Reproduce what is written in the records below exactly, and leave out the images.

Entries shown:
------------------------------------------------------------
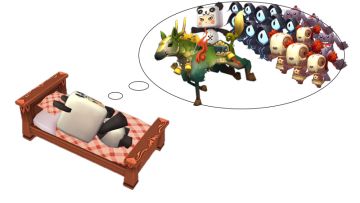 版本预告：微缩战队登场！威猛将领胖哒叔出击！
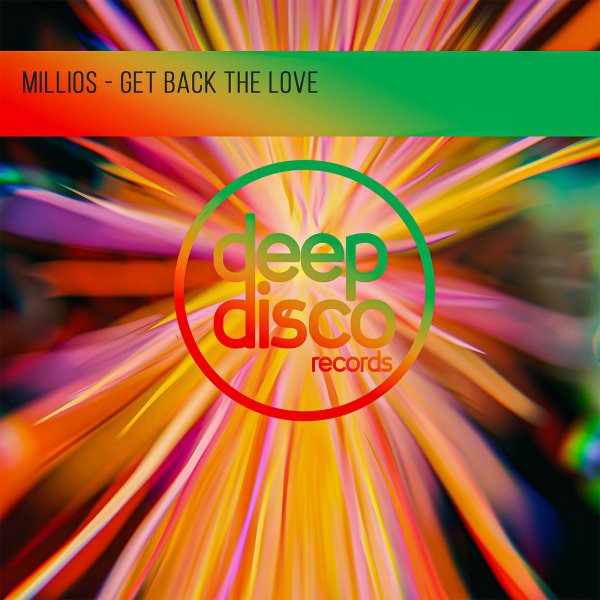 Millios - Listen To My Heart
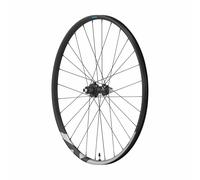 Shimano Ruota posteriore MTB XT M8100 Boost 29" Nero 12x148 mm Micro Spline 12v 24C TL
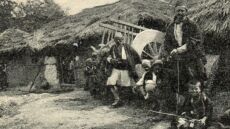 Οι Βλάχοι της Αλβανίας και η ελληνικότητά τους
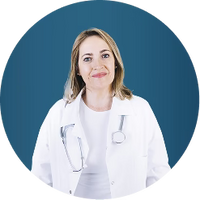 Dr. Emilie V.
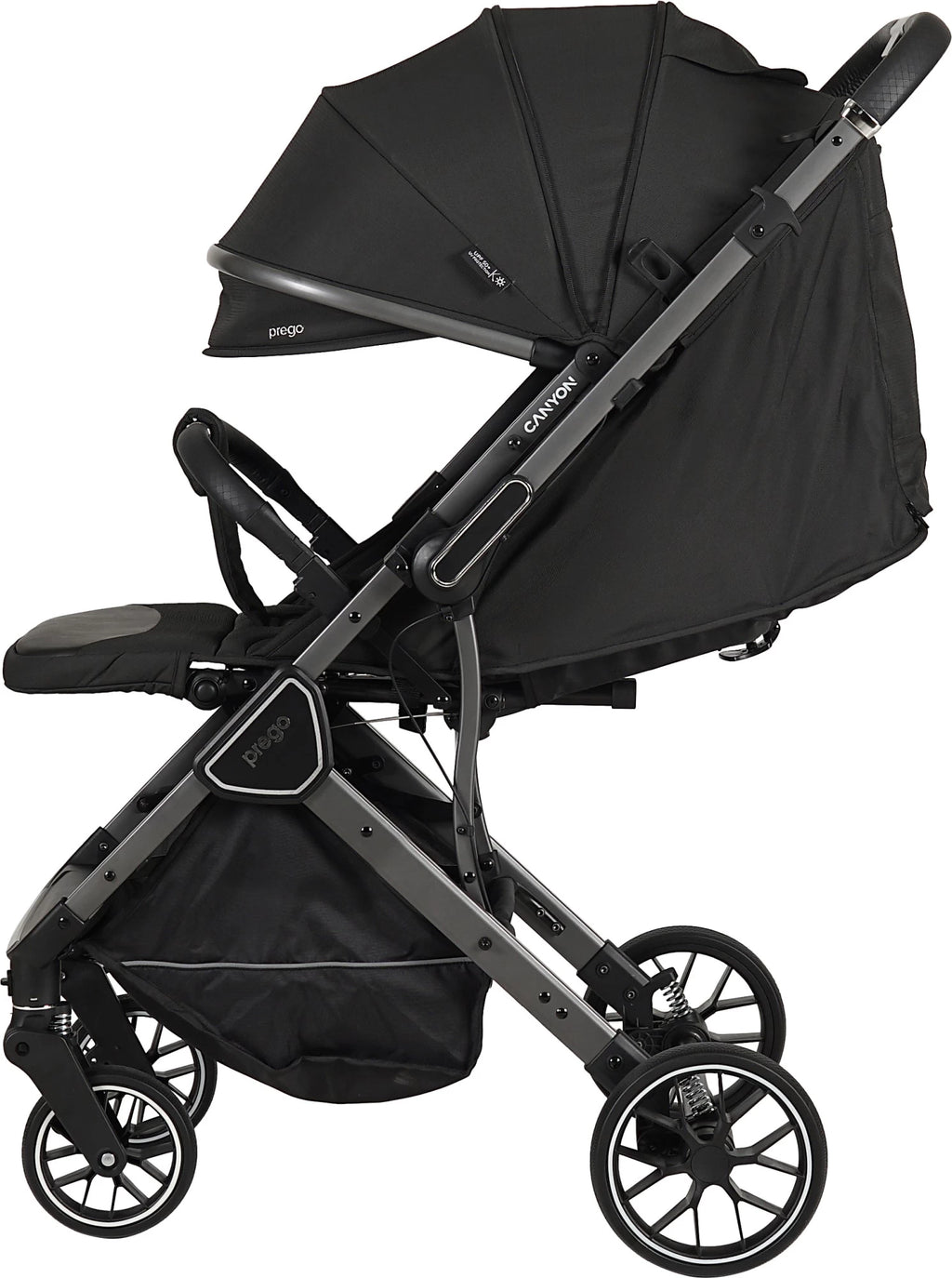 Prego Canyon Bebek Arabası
------------------------------------------------------------
Written answer:
 版本预告：微缩战队登场！威猛将领胖哒叔出击！
 Millios - Listen To My Heart
 Shimano Ruota posteriore MTB XT M8100 Boost 29" Nero 12x148 mm Micro Spline 12v 24C TL
 Οι Βλάχοι της Αλβανίας και η ελληνικότητά τους
 Dr. Emilie V.
 Prego Canyon Bebek Arabası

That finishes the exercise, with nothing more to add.